Je voulais aussi signaler quelque chose : je suis un homme. J'ai lu ce bouquin sans penser que cela m'handicaperait outre mesure, mais décidément, là... La description étant tout de même très subjective, j'ai eu beaucoup de mal à adhérer aux scènes de sexe. Mais je crois que le top du bouquin, vraiment, se situe en une scène. Page 428 : la gentille maman d'Anastasia (pure plagiat de Renée de Twilight, par ailleurs) décrit les hommes à sa fille. Là, c'est le summum. Nous sommes des animaux « très littéraux » qui « disent ce qu'ils pensent », fatalement. Eh bah. Bravo James. Comment nous a-t-elle aussi bien cernés ???
La mise en scène du sado-masochisme en lui-même est également effroyable. Je ne connais rien au milieu, mais j'ai trouvé cela vraiment ridicule la plupart du temps. Les phrases-choc de Grey, son contrat, ses revendications... La plupart du temps, je secouais la tête en me demandant où cela allait s'arrêter. Je n'ai toujours pas ma réponse, en fait. Il est certain que ce ne sont pas ces pratiques qui sont ridicules, mais les manières dont elles sont abordées. Cette gourde d'Anastasia n'est vraiment pas du genre à aiguiller le lecteur, en plus...
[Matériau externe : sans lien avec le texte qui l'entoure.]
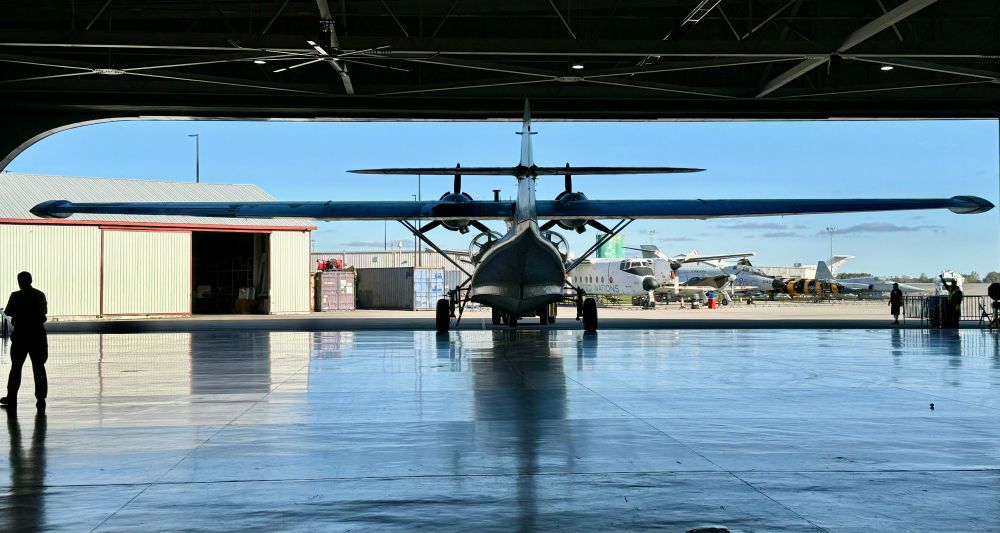 It is a WW2 vintage PBY-5 Canso flying boat with its reflection on a shiny floor as it is pulled out of a hangar on a sunny day with a blue sky in the background.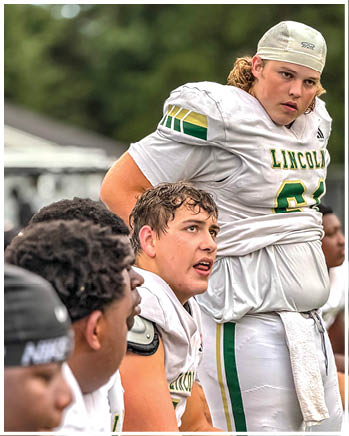 Four people in football uniforms are gathered closely, with one standing and the others sitting, appearing focused and engaged during a game or practice. Description generated by AI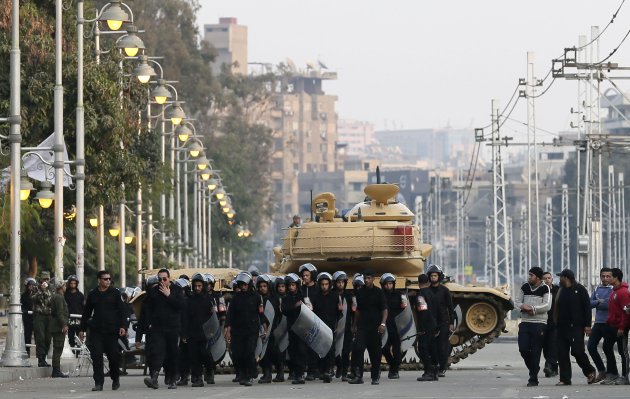 egyptian-riot-police-walk-past-a-military-tank-guarding-the-presidential-palace-in-cairo-egypt-sunday-dec-16-2012-key-egyptian-rights-groups-called-sunday-for-a-repeat-of-the-first-round-of-the-constitutional-referendum-alleging-the-vote-was-marred-by-widespread-violations-islamists-who-back-the-disputed-charter-claimed-they-were-in-the-lead-with-a-majority-of-yes-votes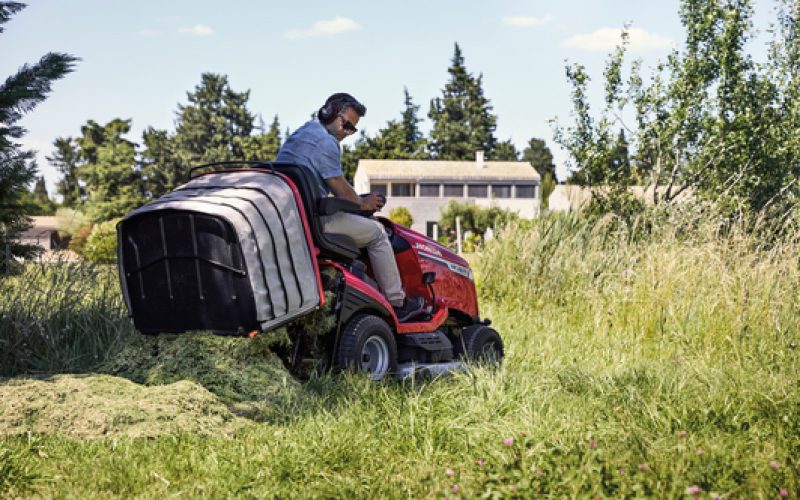 HF Ride On Mower Model Dumping Grass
Bon, je ne suis pas très sympathique dans cette critique car décidément, plus j'y repense, plus ce livre m'énerve. Et pourtant, certains points positifs peuvent être relevés. De manière prévisible et ce malgré la longueur du roman, cela se lit très vite. C'est tout de même assez fluide bien que l'écriture soit passablement laide. De plus, j'ai beau avoir été exceptionnellement énervé par le bouquin, j'ai eu un peu d'intérêt pour les personnages à la toute fin. Je voulais savoir comment ça finissait, après tout ça. Cela m'a aussi permis de me vider la tête entre deux lectures, puisqu'il n'y a vraiment pas dans « 50 nuances de Grey » matière à réfléchir (ou peut-être bien que si, en fait...). Enfin, je me suis fait mon propre jugement que je croyais (à tort) sous-traité.
Ainsi, 50 Nuances de Grey est bien un gros loupé. Alors que le début n'était pas désagréable, tout comme la fin (j'ai trouvé la scène du planeur pas si mal que ça), le principal du livre baigne dans la médiocrité la plus infâme. J'ai vraiment été énervé, dans la mesure où je croyais aux « bonnes raisons » derrière le best-seller. Après tout, si le livre a été le plus vendu en 2012, c'est qu'il devait avoir des qualités indéniables... Mais non. Je suppose que l'effet boule de neige a joué. Des lectrices ont adoré, en ont parlé autour d'elle. A émergé une petite polémique. Le sexe, peu présent dans les lectures actuelles, a attisé la curiosité des autres lecteurs, qui, je suppose, furent bien nombreux à être déçus.
A éviter, donc. Croyez SensCritique.